Record set START

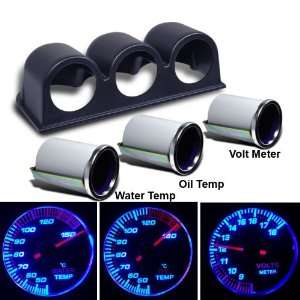 Eautolight Universal Smoke 7 Color Gauges Water Temperature + Oil Temp 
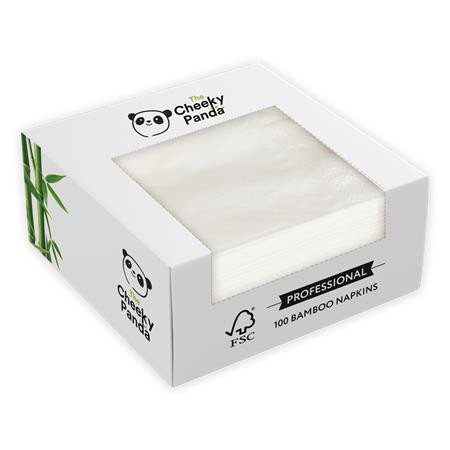 Szalvéta, bambusz, 1/4 hajtogatott, 2 rétegű, 39x39 cm, 100 db, CHEEKY PANDA, fehér (KHH909)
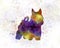 Australian Silky Terrier in watercolor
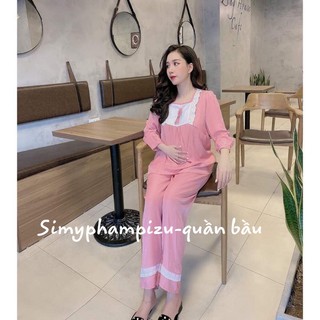 [Sale sốc]Bộ bầu thiết kế chất đũi Hàn cao cấp,thiết kế sang chảnh mặc ở nhà BD905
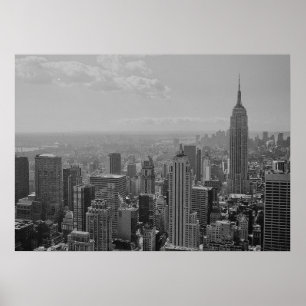 Black White New York Manhattan Panorama Poster
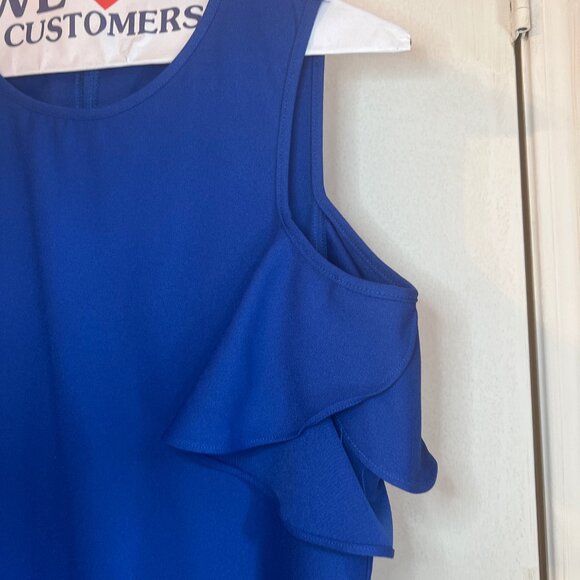 Cold Shoulder Royal Blue Dress With Ruffle Sleeves & Back Zipper Closure - Picture 3 of 5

Record set END

Starting with the line that contains "[Sale sốc]Bộ bầu", reproduce every line to the end of the material above, both end lines included, exactly and with no pictures.

> [Reply]
 [Sale sốc]Bộ bầu thiết kế chất đũi Hàn cao cấp,thiết kế sang chảnh mặc ở nhà BD905
 Black White New York Manhattan Panorama Poster
 Cold Shoulder Royal Blue Dress With Ruffle Sleeves & Back Zipper Closure - Picture 3 of 5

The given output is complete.